Musica, podcast, film, serie tv, applicazioni, libri e ora anche lezioni, iTunes U apre all’Italia. In realtà il servizio di Apple dedicato alla veicolazione di materiale didattico è fruibile nel nostro paese da tempo, adesso però la casa della mela ha deciso di cominciare ad investire sulla produzione di contenuti educational anche da noi.
Al momento 800 content provider (leggi: università ed istituti riconosciuti come “facenti funzioni educative”) rimpinzano iTunes U con podcast video, audio e documenti scaricabili. Tutto gratis. In Italia ci sono almeno 30 università in fila per andare online (significa che hanno avviato la pratica o che sono state riconosciute e devono solo cominciare a mettere il materiale in linea) e Apple ha deciso di tenere a Roma un evento, aperto ai più importanti istituti che si sono interessati alla questione. Lo scopo: evengelizzare il verbo del nuovo servizio, spiegare quali siano le possibilità, raccontare case histories di successo e dare qualche consiglio per portare le proprie lezioni in rete con efficacia e risparmio (si scopre che le università degli altri paesi hanno gli stessi problemi delle nostre per quanto riguarda risorse umane ed economiche, nonché nell’ambito “volontà da parte di chi tira le fila”).

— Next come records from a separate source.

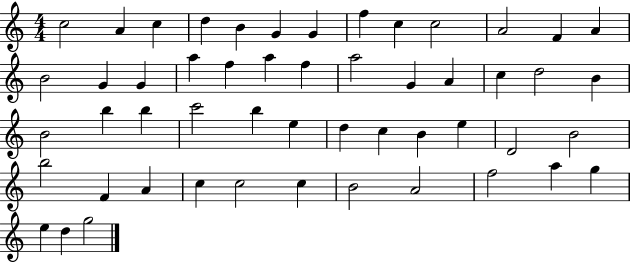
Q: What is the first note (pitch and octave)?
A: C5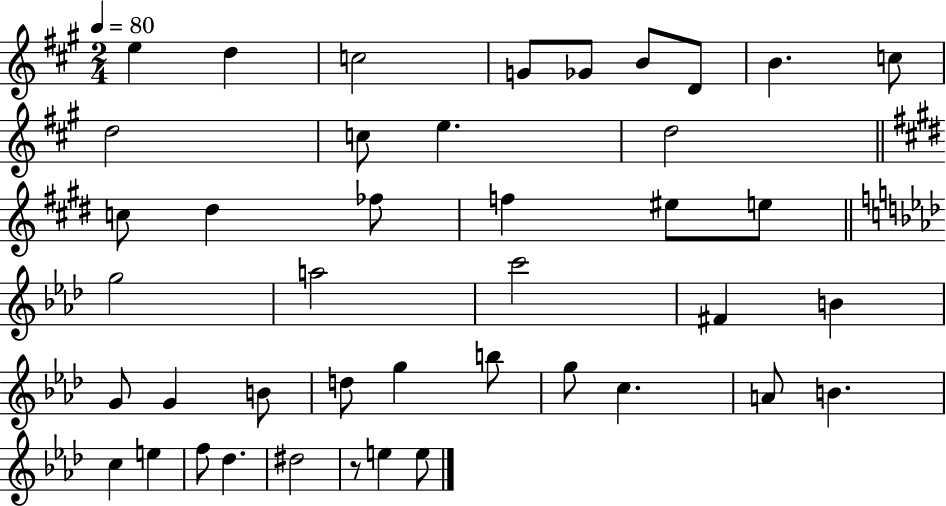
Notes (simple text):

E5/q D5/q C5/h G4/e Gb4/e B4/e D4/e B4/q. C5/e D5/h C5/e E5/q. D5/h C5/e D#5/q FES5/e F5/q EIS5/e E5/e G5/h A5/h C6/h F#4/q B4/q G4/e G4/q B4/e D5/e G5/q B5/e G5/e C5/q. A4/e B4/q. C5/q E5/q F5/e Db5/q. D#5/h R/e E5/q E5/e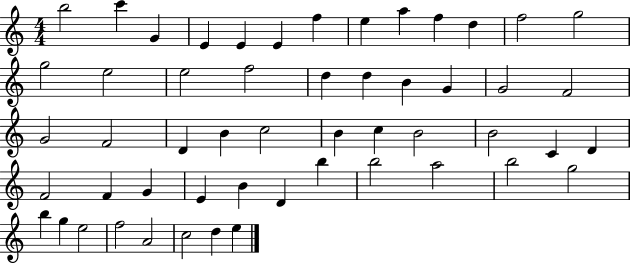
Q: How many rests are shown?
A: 0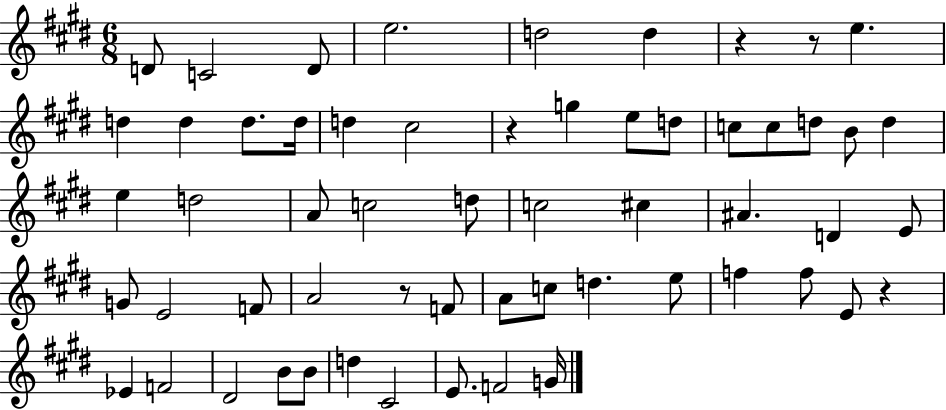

“Dal ’78 all’84 il computer, nel 2003 la musica, nel 2008 la telefonia mobile, dal 2010 al 2012 l’editoria e dal 2011 al 2015 la scuola”: così recita una delle slide di apertura dell’evento, con cui Apple comunica senza mezzi termini che punterà seriamente sul settore educational , almeno quanto in passato ha puntato sul resto.
In verità si potrebbe dire che ci ha sempre puntato, sostengono dall’azienda citando l’impegno in ACOT e il continuo rapporto di scambio che Cupertino ha con gli editori per migliorare gli strumenti di apprendimento. La realtà, però, è che un servizio così apertamente dedicato alla veicolazione di contenuti didattici e un’apertura simile a tutti gli istituti che vogliano prendervi parte non si era mai visto. La stessa azienda lo definisce “Applès best kept secret”, frase ad effetto ma dal dubbio significato (se è una cosa buona, perché dovrebbe tenerla segreta?).
Con iTunes U la società di Jobs tenta di mettere un altro piede nel mercato dei contenuti , non producendoli in prima persona ma candidandosi ad aggregatore numero uno, in linea con quanto fatto fino ad ora. Stavolta però, trattandosi di contenuti altamente professionali, dove andarli a prendere se non nelle università? Nasce così la nuova divisione, per permettere un doppio movimento di materiale didattico: verso l’interno e verso l’esterno. Quello interno è consentito dal lato private di iTunes U (contenuti accessibili dietro l’immissione di nome utente e password), quello esterno dal lato public (contenuti liberi e per tutti). Il primo tipo può diventare monetizzabile (e-learning?), il secondo è quello più in linea con le filosofie open della Rete e dallo scopo pubblicitario: agli istituti la scelta di quale modello applicare per ogni elemento caricato.
Ogni ente infatti mette online le lezioni che ritiene più opportuno veicolare nella quantità che crede. In nessun caso Apple offre lo spazio (una voce importante nel momento in cui si vogliono uploadare ore di lezioni magari in video), il servizio prevede unicamente l’indicizzazione e la pagina all’interno di iTunes. Nei confronti degli utenti, insomma, la Mela si pone come garante della qualità e della bontà degli istituti coinvolti. A differenza dei podcast, infatti, chi vorrà prendere parte dovrà dimostrare le proprie credenziali.
Quali siano i numeri che si possono generare lo spiega Clive Mulholland, vicerettore dell’ università di Glamoran nel Galles, per l’occasione uomo immagine Apple nell’illustrare come il suo istituto di provincia abbia beneficiato dall’aver investito tempo e risorse in iTunes U. 340.000 download in 6 mesi e 630.000 dopo un anno. Un ritorno di immagine che, sostiene Mulholland, “ci sarebbe costato 4,2 milioni di sterline se l’avessimo pianificato”.
La cifra è discutibile, e sembra più un espediente per catturare l’attenzione, tuttavia è indubbio che numeri simili per un’università di provincia (beneficiata però dall’avere già tutti i corsi in lingua inglese) siano un buon investimento in termini di immagine e una buona carta per la carriera dei singoli docenti.